This is a good question, and has to do with differences in how alignments are scored in scikit-bio and PyCogent. By default, in scikit-bio, terminal gaps are not penalized as that can lead to some very strange alignments. This issue was briefly discussed here and illustrated here (see the last cell of the notebook).
If you want to achieve a solution more similar to the one in PyCogent, you can pass penalize_terminal_gaps=True
to global_pairwise_align_nucleotide
as follows:
alignment = nw_align_scikit(seq_1, seq_2, penalize_terminal_gaps=True)

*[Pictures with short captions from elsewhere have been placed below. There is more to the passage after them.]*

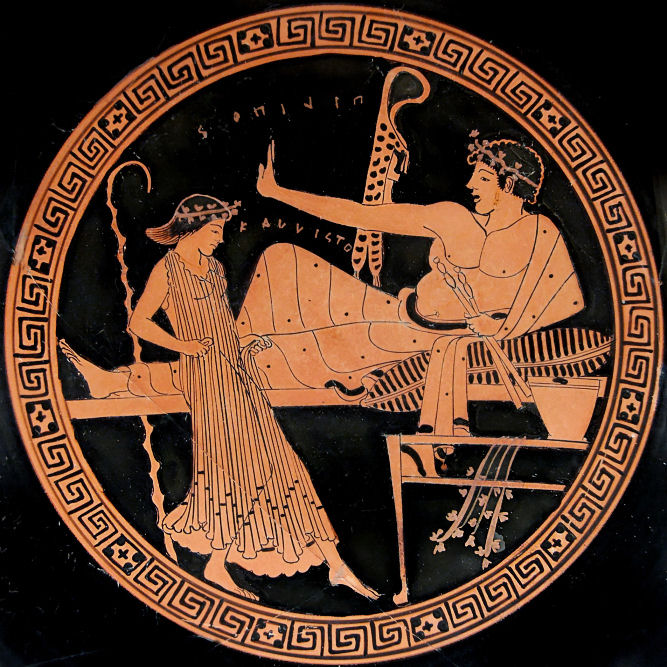 Peintre de Brygos, Scène de banquet, coupe à figures rouges, vers 490-480 av. J.-C.
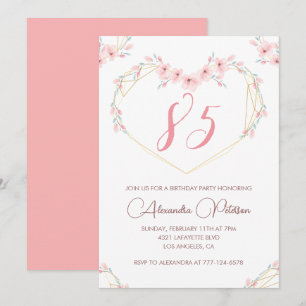 Elegante 85. Geburtstagseinladungen Pink Floral Einladung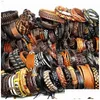 Chain Mixmax 50Pcspack Assorted Retro Handmade Mens Top Genuine Leather Tribal Surfer Cuff Bracelets Mix Styles 230710 Drop Delivery J Dhkm1
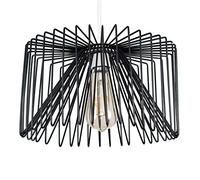MiniSun | Modern Black Metal Wire Design Shaped Light Pendant Shade | Pendant Lights, Home Décor & Improvement Essential | Includes 4W LED Bulb [2700K Warm White] | 180mm Shade Width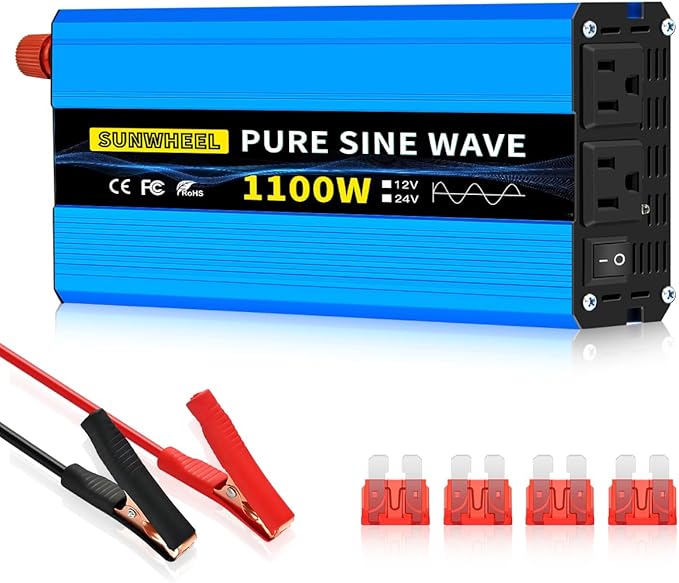SUNWHEEL 1100 Watt Pure Sine Wave Inverter, Solar Power Inverter, 12V DC to 110V AC Converter for RV, Home, Truck, Coffee Maker, Washer, TV, Fridge, Solar Power Pack with 2 AC Outlets and LCD Display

al_1, al_2 = [alignment.get_seq(_id).__str__() for _id in alignment.ids()]
print " nw alignment using scikit:"
print " %s" % al_1
print " %s" % al_2
output:
nw alignment using scikit:
ATCG--ATCGATCG
ATCGATATCGATCG
You'll notice that the alignment is still not identical to the one you get from PyCogent, but this is a minor implementation difference: the two resulting alignments have the same score (the difference is in whether the --
aligns to the first AT
or the second AT
in the ATAT
repeat), and the two implementations make a different choice in how they break that tie.
If you go back to the alignment that you posted (the default from scikit-bio), what you'll notice is that the alignment that is returned is very good - in fact, it's the optimally scoring alignment if not penalizing the terminal gaps (by definition, because the optimal scoring alignment is what it returns). However, you're right that it's strange, because the alignment that scikit-bio returns in this specific case is probably not the most biologically relevant alignment. If you know that your sequences all start at the same position and end at the same position, you could pass penalize_terminal_gaps=True
. However, yours is a toy example and in most cases with real sequences, I think the most biologically relevant alignment would be returned with the default parameters.